Hint: Use induction on the dimension of [tex] B [/tex], and expand the determinant along the bottom row.

 

You can also use the definition of a determinant, i.e. the expression involving a summaton over permutations. Then it is trivial.

 

Are you familiar with elementary matrices?

 

I mean this: If A is an [itex]n\times n[/itex] matrix then, by definition, we have:

[tex]\det(A) =\sum_{\pi}\operatorname{sign}(\pi)\prod_{i=1}^{n}A_{i,\pi(i)}[/tex]

where the summation is over all permutations [itex]\pi[/itex] of the numbers [itex]1\ldots n[/itex]

 

Consider some arbitrary permutation [itex]\pi[/itex]. Then consider the contribution to the determinant:

[tex]\operatorname{sign}(\pi)C_{1,\pi(1)}C_{2,\pi(2)}\ldots C_{n,\pi(n)}[/tex]

Where [itex]C_{r,s}[/itex] means the element in the rth row and sth column of C. And n =j+k is the dimension of C.

Now unless the permutation [itex]\pi[/itex] permutes the numbers tranging from 1 to j amongst themselves, you will get zero. So, this means that such permutations [itex]\pi[/itex] can be decomposed as a product of permutations

[tex]\pi=\rho\sigma[/tex]

where [itex]\rho[/itex] permutes the numbers ranging from 1 to j and acts as the identity on the numbers ranging from j+1 to j+k and [itex]\sigma[/itex] is a permutation that permutes the numbers ranging from j+1 to j+k while acting as the identity on the numbers ranging from 1 to j.

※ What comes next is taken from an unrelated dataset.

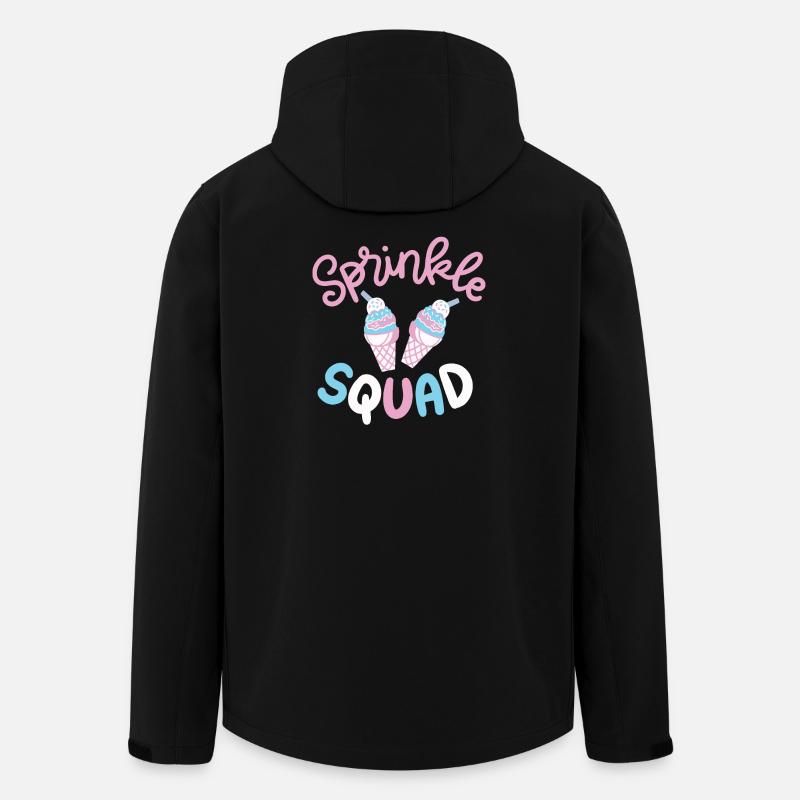 Eiscreme - Recycelte Männer Softshell-Jacke von Stanley/Stella - Schwarz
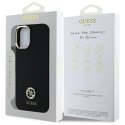 Etui Guess Silicone Logo Strass 4G na iPhone 16 - czarne Guess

Then, if you use that the sign of a product of permutations is the product of the signs of the permutations, you are done.

 

If you are going to choose elements from the first j rows of C, then unless you choose them from submatrix A you'll get zero, right? So, the values you must choose from rows 1 to j are restricted in the range from 1 to j. Therefore the permutation [itex]\pi[/tex] will map the range 1 to j to itself.

 

Induction is a proof technique that takes advantage of an important property of the integers, namely, well-ordering. It's often compared to pushing down a stack of dominoes. What you do is show that your result holds for some base case (for your exercise, this would be the case where [tex] B [/tex] is a one-by-one matrix), and then show that if it holds for the case corresponding to a natural number [tex] n [/tex] (in your case, [tex] B [/tex] would be an [tex] n \times n [/tex] matrix), then it necessarily holds for [tex] n + 1 [/tex]. Carrying this out in your case isn't difficult, if you're familiar with this kind of argument.

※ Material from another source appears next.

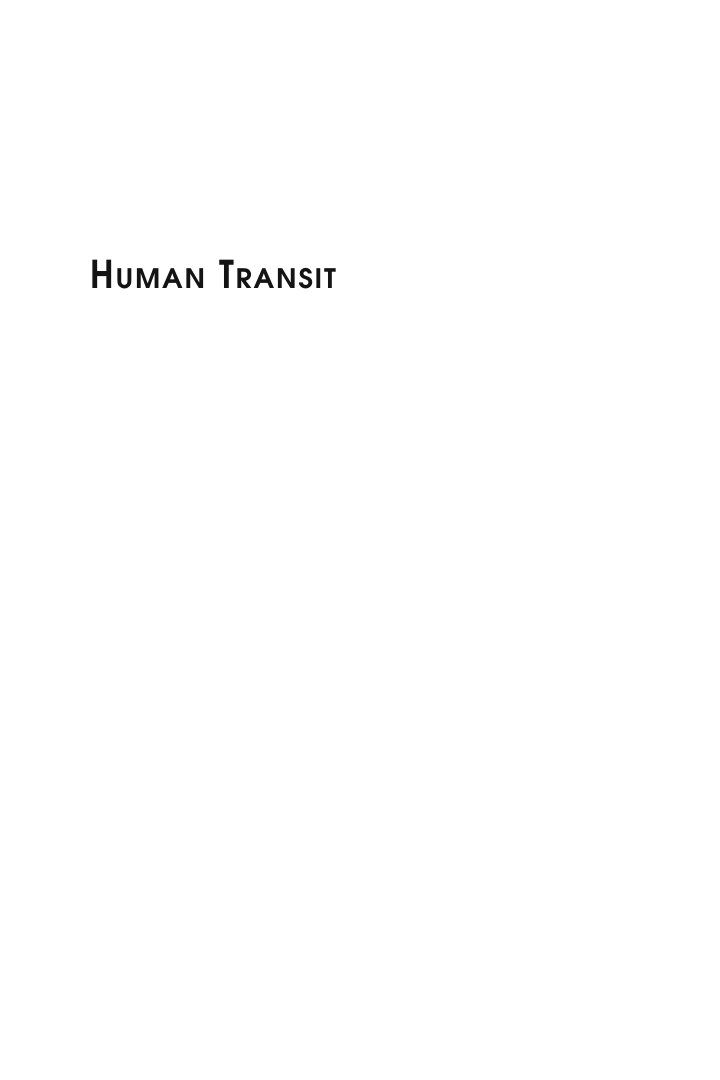 Cover of HUMAN TRANSIT (1718)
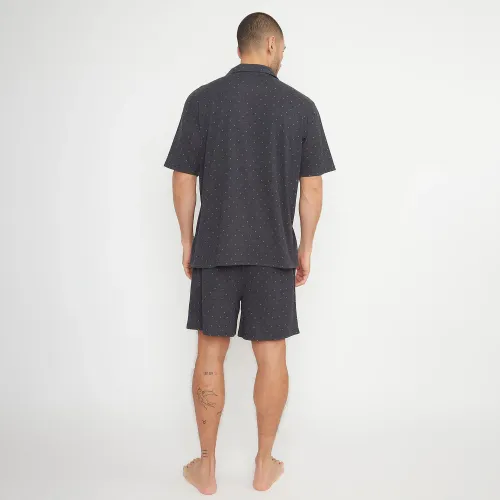Kayser Pijama Short Abotonado Hombre 77.811-Gri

However, I actually like Count Iblis's idea better here. Although they're easy to crank out, I try to avoid induction proofs where possible, because they typically don't confer a very intuitive grasp of the theorem upon the reader (or writer). The proof using permutations gives an immediate and intuitive idea of why this result should be true.